Did he even realize he was still touching Liyah?
“Tahira’s country should be offering reparations along with the previously agreed-upon treaty, but her uncle’s current strategy is to lay blame for her defection at my door.”
Liyah had stubbornly kept her gaze on his chest, but she had to see what he was feeling about that. She raised her head, their gazes clashing immediately.

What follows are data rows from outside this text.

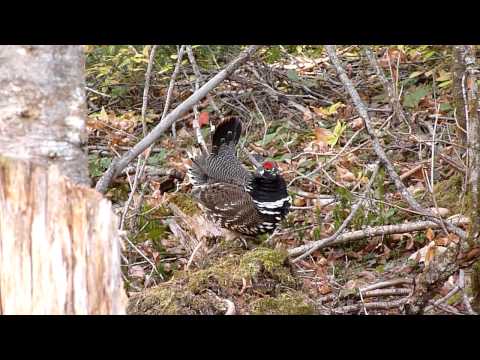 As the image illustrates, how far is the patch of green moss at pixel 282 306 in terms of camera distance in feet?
11.9

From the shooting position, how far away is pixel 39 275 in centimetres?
227

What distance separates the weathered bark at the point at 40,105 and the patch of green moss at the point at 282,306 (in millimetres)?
1456

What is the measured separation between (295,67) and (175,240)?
9.48 ft

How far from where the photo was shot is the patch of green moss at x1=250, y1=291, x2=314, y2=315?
3629 millimetres

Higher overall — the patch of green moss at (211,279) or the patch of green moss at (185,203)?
the patch of green moss at (185,203)

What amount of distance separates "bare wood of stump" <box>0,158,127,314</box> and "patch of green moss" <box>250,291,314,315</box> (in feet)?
4.78

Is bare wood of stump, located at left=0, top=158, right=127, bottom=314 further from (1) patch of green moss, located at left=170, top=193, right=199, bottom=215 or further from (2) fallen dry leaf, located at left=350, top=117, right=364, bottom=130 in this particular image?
(2) fallen dry leaf, located at left=350, top=117, right=364, bottom=130

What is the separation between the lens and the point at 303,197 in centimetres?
625

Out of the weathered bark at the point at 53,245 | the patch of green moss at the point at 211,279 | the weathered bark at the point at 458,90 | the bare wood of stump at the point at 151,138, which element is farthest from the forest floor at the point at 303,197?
the weathered bark at the point at 53,245

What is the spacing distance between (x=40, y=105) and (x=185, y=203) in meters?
3.39

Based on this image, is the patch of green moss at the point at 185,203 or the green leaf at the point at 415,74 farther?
the green leaf at the point at 415,74

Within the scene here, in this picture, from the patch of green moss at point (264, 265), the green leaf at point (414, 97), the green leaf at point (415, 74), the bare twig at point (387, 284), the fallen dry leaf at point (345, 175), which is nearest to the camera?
the patch of green moss at point (264, 265)

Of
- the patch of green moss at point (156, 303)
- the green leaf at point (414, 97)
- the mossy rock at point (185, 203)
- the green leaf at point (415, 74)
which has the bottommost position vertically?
the patch of green moss at point (156, 303)

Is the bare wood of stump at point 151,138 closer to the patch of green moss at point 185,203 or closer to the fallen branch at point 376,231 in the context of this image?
the fallen branch at point 376,231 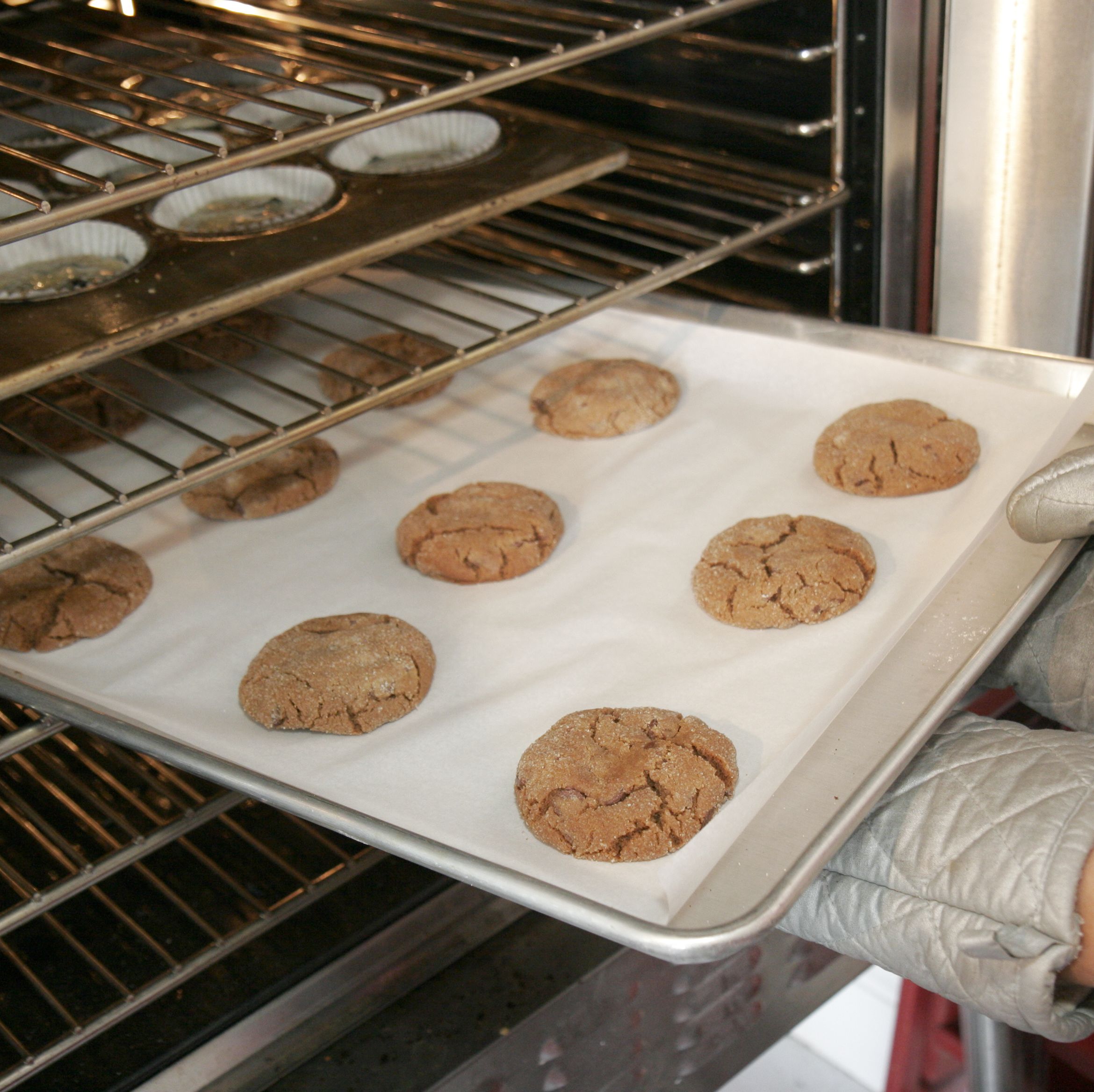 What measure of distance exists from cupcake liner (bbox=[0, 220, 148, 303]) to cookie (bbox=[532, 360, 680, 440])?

A volatile mix of emotions poured through her, needing the smallest spark to send them burning sky-high.
Longing. Love. Desire. Need. Pain. And worry.
Because he had major stress lines around his beautiful brown eyes.
Of its own volition, her hand lifted to smooth away those lines. “Sounds tense.”
“That’s one word for it. I have others that aren’t acceptable in mixed company.”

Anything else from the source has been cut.